His actions, many of which he suggested, initiated, and implemented, all contributed, both directly and indirectly, to the deaths of hundreds of thousands at a minimum. He effectively committed treason during the Vietnam War, played with individuals’ lives like they were pawns on a chessboard, and believed the state (and therefore himself) to be above the law. His time in office, while being seen by some as effective (which is certainly a fair point of view in some respects), will be remembered as a time of bloodshed and terror for both those who held Leftist ideals and those who were considered antagonists by numerous right-wing, anti-Communist governments around the globe.
The day Dr. Kissinger dies will be a time of rejoicing and celebration for all individuals: for Americans who lost a family member in the Vietnam War to the orphan whose parents were killed in Cambodia, Bangladesh, and Argentina.
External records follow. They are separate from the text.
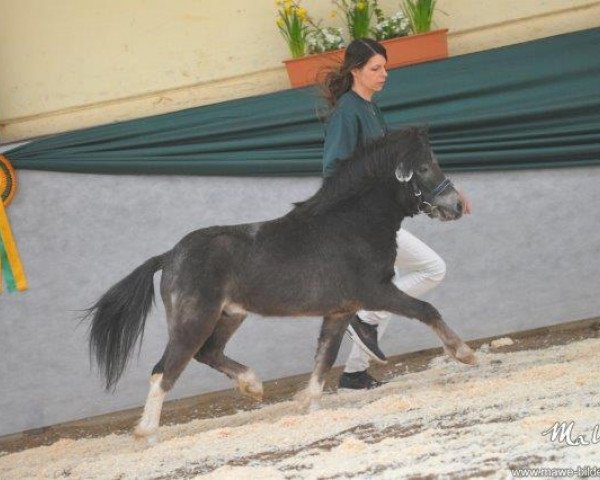 Deckhengst Habib van de Heesbeekhoeve (Nederlands Mini Paarden, 2014, von Sebastopol's Patser)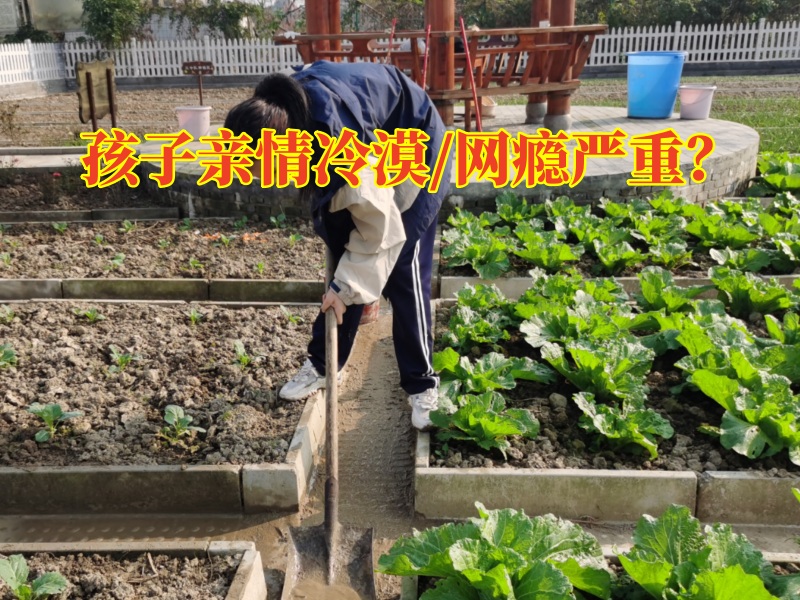 湖南叛逆孩子學校：孩子親情冷漠是受那些家庭因素影響？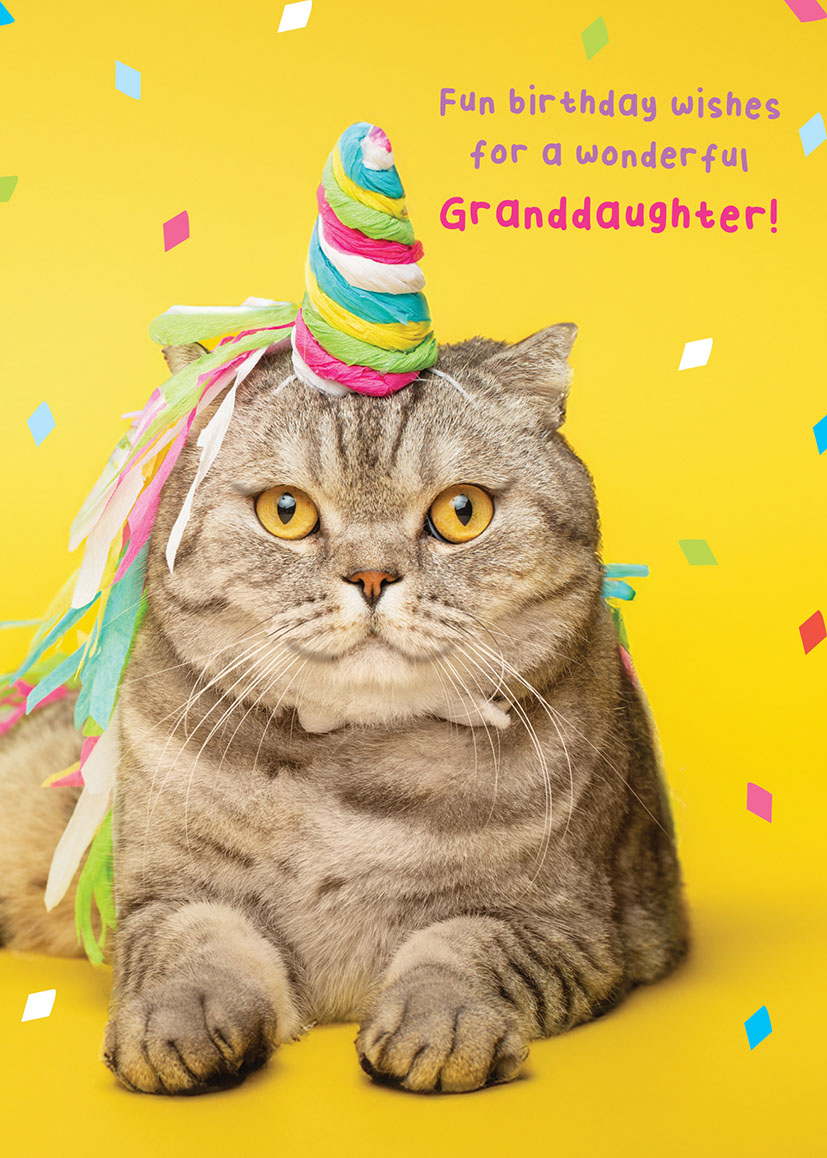 Bday Grandau Party Cat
It will also be, for those who have sought Kissinger’s counsel and made allies with him, a moment of reflection and consideration of America’s foreign policy in the late 20th century, the lives lost in the name of American adventurism and fear of the other, and how the United States needs to re-examine their foreign policy as the world’s policeman.
Henry Kissinger’s legacy upon the state of American foreign policy is long and dark, drenched in the blood of innocents, and will only become somewhat clean when he is buried in the ground.